_Listed records_
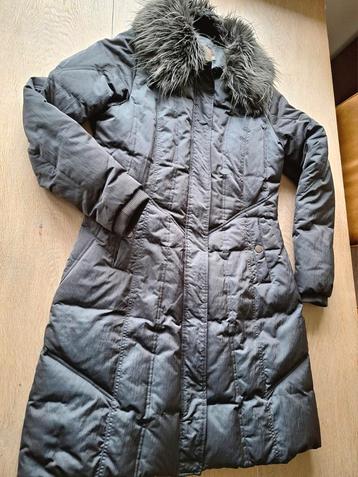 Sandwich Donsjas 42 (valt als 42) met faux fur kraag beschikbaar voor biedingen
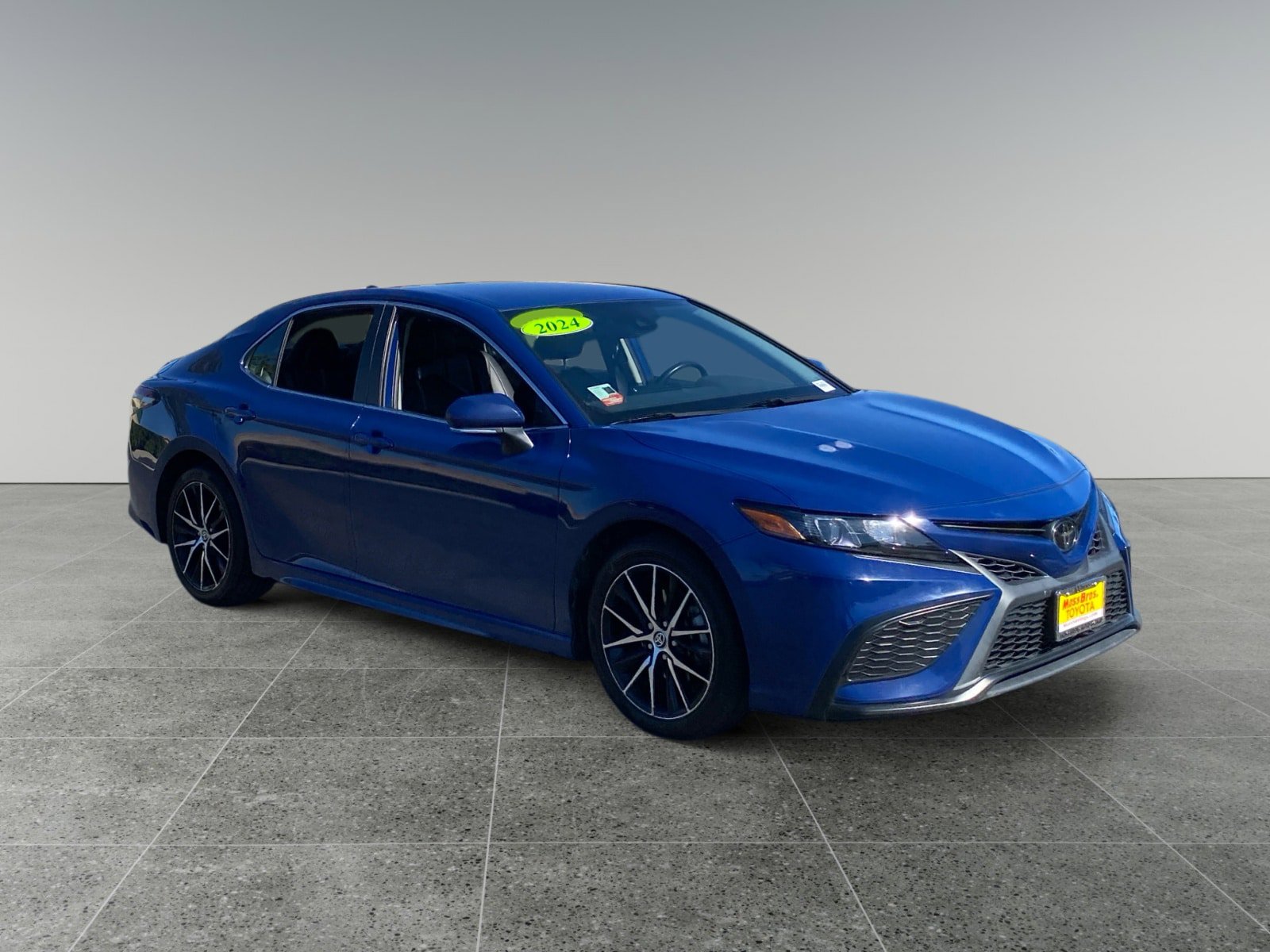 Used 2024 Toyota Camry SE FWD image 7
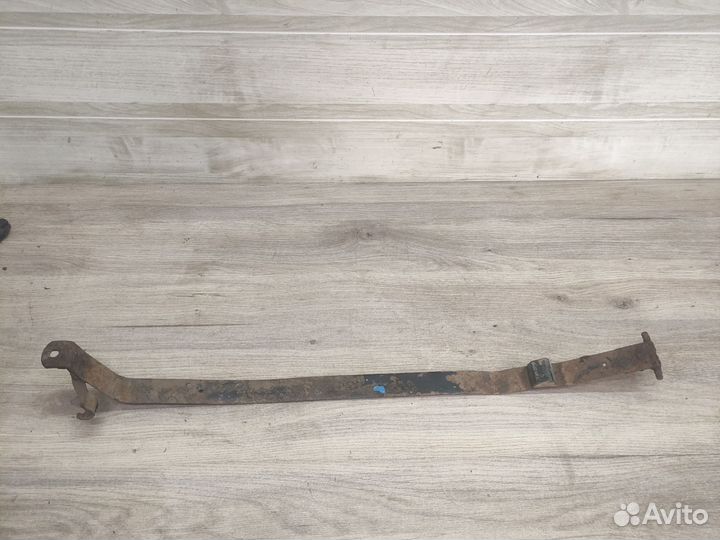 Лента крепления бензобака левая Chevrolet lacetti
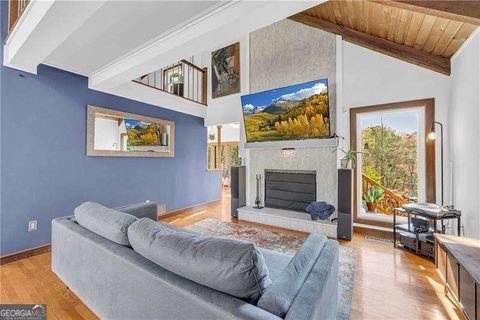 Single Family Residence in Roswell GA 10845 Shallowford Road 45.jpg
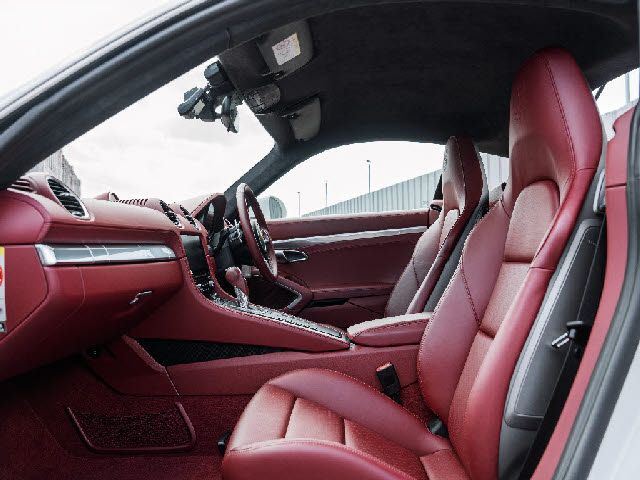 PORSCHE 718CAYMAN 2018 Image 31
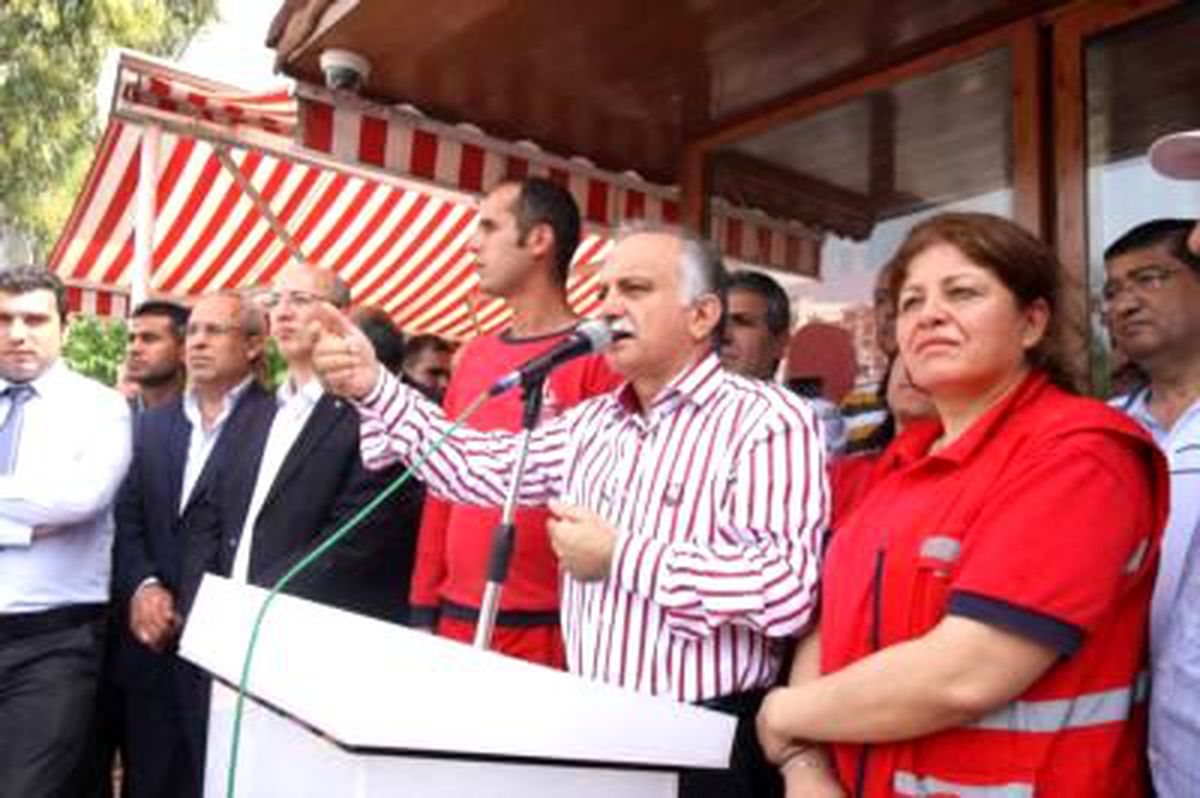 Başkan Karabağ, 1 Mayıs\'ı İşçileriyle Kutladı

* * *

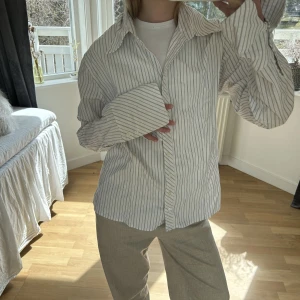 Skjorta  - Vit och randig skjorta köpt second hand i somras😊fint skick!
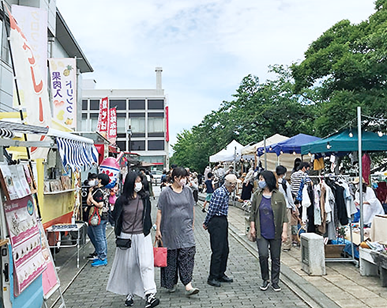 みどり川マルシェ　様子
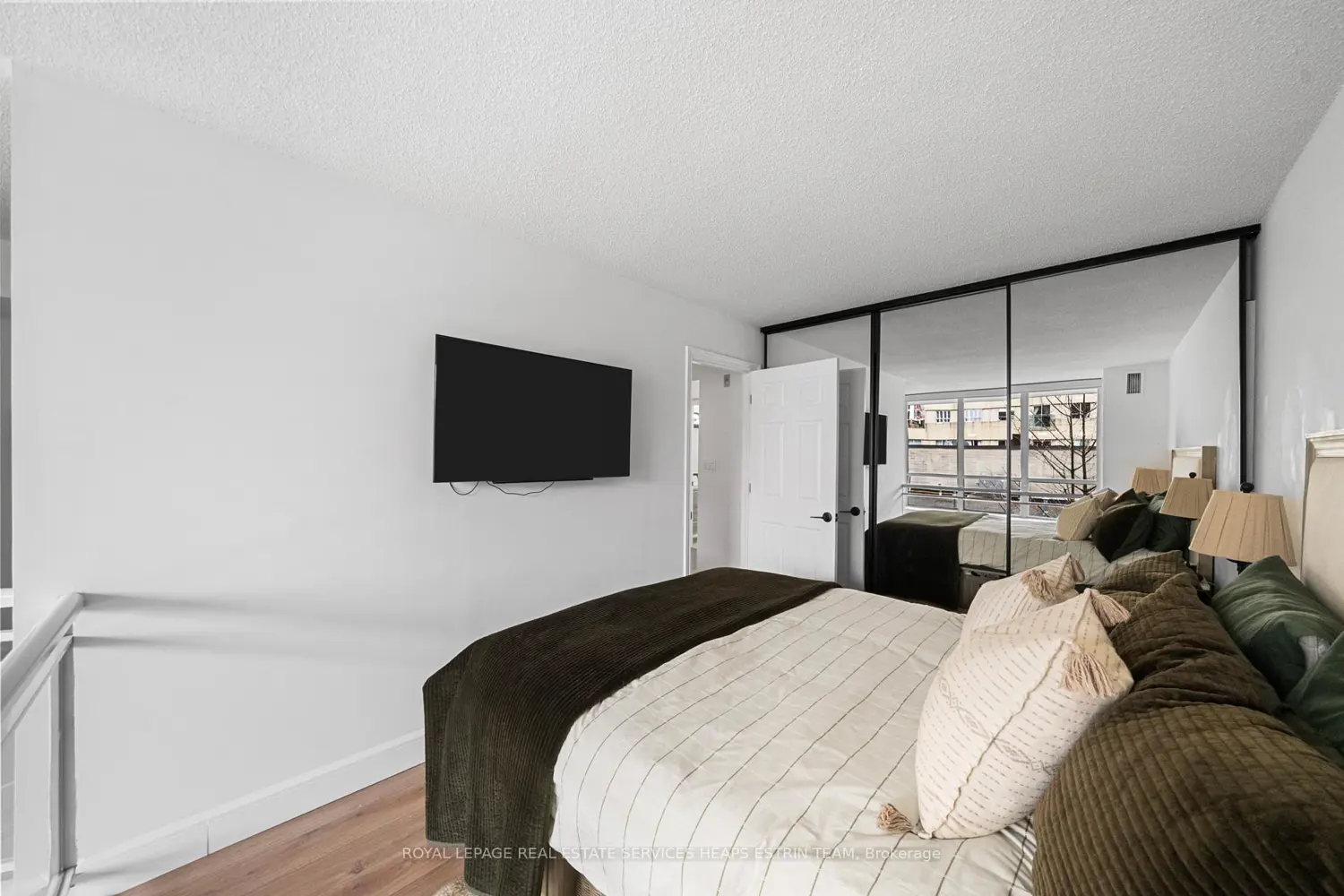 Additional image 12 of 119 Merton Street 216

...

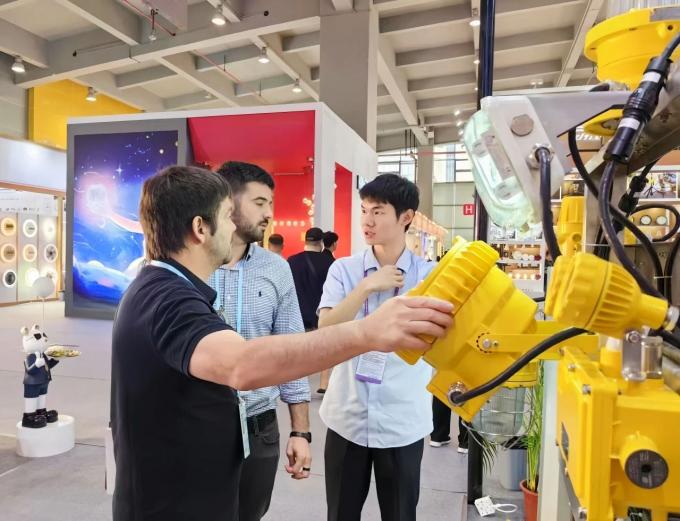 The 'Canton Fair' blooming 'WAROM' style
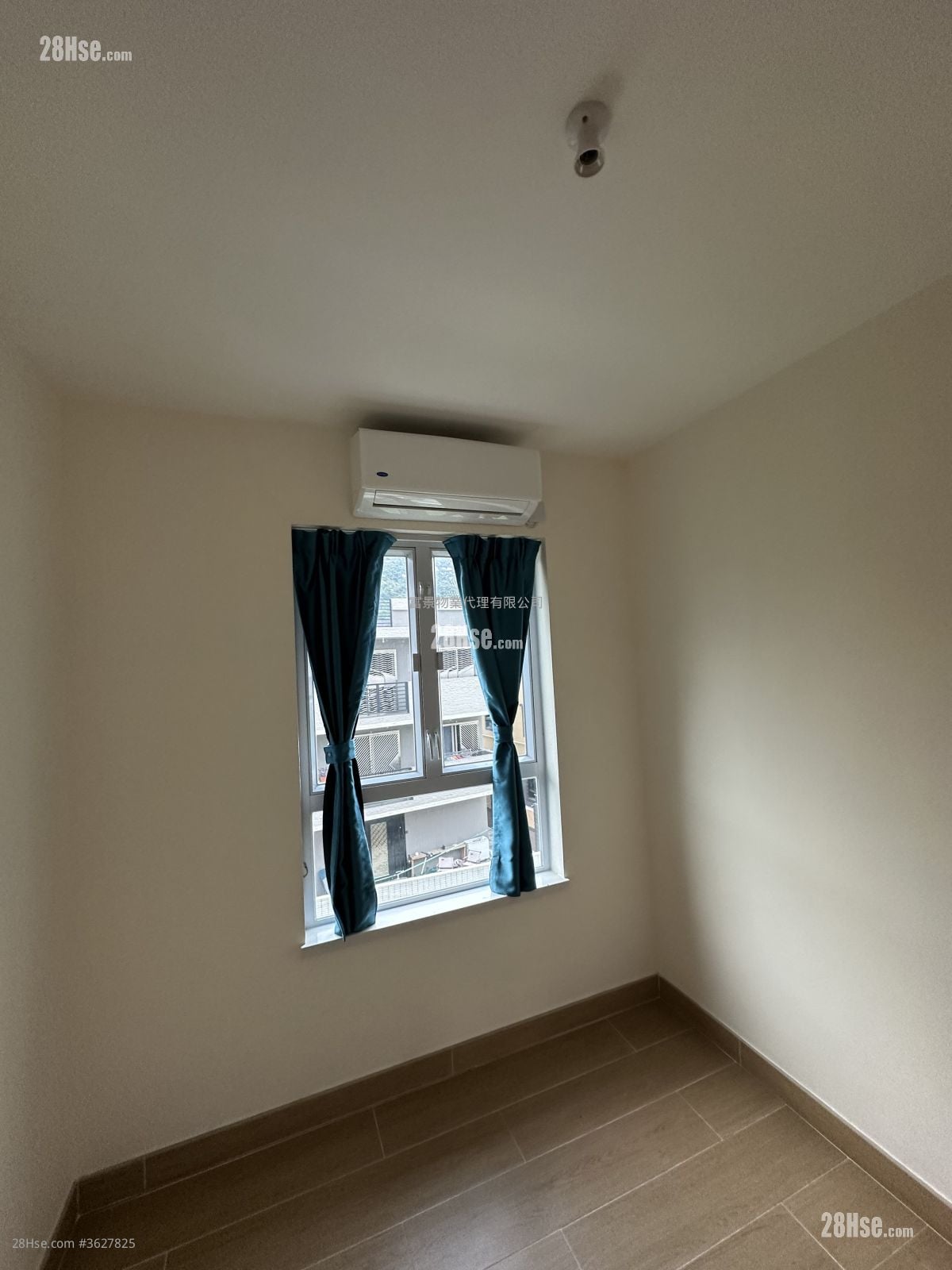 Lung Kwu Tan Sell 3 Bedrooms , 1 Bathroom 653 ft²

_What the exercise asks_
Your answer is the exact run of lines above from the one with "Used 2024 Toyota Camry SE FWD image 7" through the one with "Başkan Karabağ, 1", both ends included, minus any picture.

_Response box_
 Used 2024 Toyota Camry SE FWD image 7
 Лента крепления бензобака левая Chevrolet lacetti
 Single Family Residence in Roswell GA 10845 Shallowford Road 45.jpg
 PORSCHE 718CAYMAN 2018 Image 31
 Başkan Karabağ, 1 Mayıs\'ı İşçileriyle Kutladı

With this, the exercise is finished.